The FAB pilot follows Bank ABC’s in Bahrain. JPMorgan also just launched its Tokenization Collateral Network on Onyx.
JPMorgan’s Onyx Coin Systems has scored another win in the Middle East with the completion of a blockchain-based cross-border payments pilot project with First Abu Dhabi Bank (FAB). The pilot phase was “executed seamlessly with satisfactory response times,” according to a statement.
The FAB pilot wound up weeks after a similar test in Bahrain, where Bank ABC had been testing the Onyx system and proceeded to a limited launch of services. FAB said it was continuing to explore the opportunities the system offers.
JPMorgan’s permissioned distributed ledger was launched in 2020 and has been gaining momentum in recent months. JP Morgan Onyx digital assets and blockchain head Tyrone Lobban said earlier this month that the platform currently processes between $1 billion and $2 billion a day.
FAB Bank completes blockchain #payments pilot with J.P. Morgan:#UAE First Abu Dhabi Bank has announced the successful completion of its J.P Morgan’s Coin blockchain based cross border payments.@laraonzeblock. #DigitalBanking https://t.co/q8CrApFaJG
— Urs Bolt (@UrsBolt) October 10, 2023
Besides its expansion in the Middle East, Onyx has been used for euro-denominated payments in Europe since June. That same month, it also launched interbank United States dollar settlements in India with a consortium of six banks.

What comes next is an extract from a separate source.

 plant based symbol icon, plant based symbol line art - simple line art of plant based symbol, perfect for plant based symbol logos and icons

On Oct. 11, the first public trade was settled on JPMorgan’s new Tokenization Collateral Network, which also runs on the Onyx blockchain. Money market fund shares were tokenized and deposited at Barclays Bank as security for a derivatives exchange between JPMorgan and BlackRock.
Related: JPMorgan forecasts limited downside for crypto markets: Report
Mastercard announced it was testing its Multi Token Network in June, and Citigroup introduced its Citi Token Services in September.

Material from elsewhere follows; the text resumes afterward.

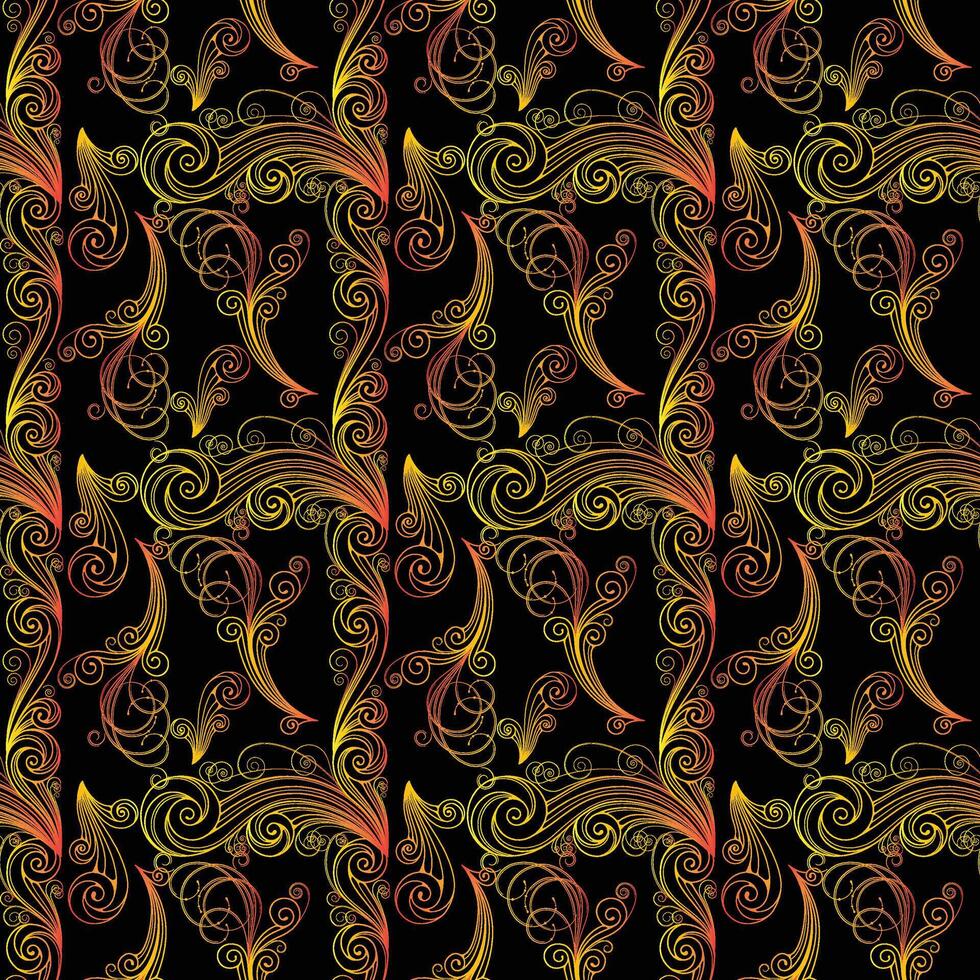 Stream Of Paisleys Seamless Pattern Design vector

JPMorgan was one of the participants in Project Guardian, along with DBS Bank and Marketnode. The project, which concluded in June, was developed by the Monetary Authority of Singapore and the Bank for International Settlements. It involved the creation of a liquidity pool of tokenized bonds and deposits for use in lending and borrowing.
JPMorgan CEO Jamie Dimon recently expressed his strong belief in artificial intelligence. He also called cryptocurrencies “decentralized Ponzi schemes.”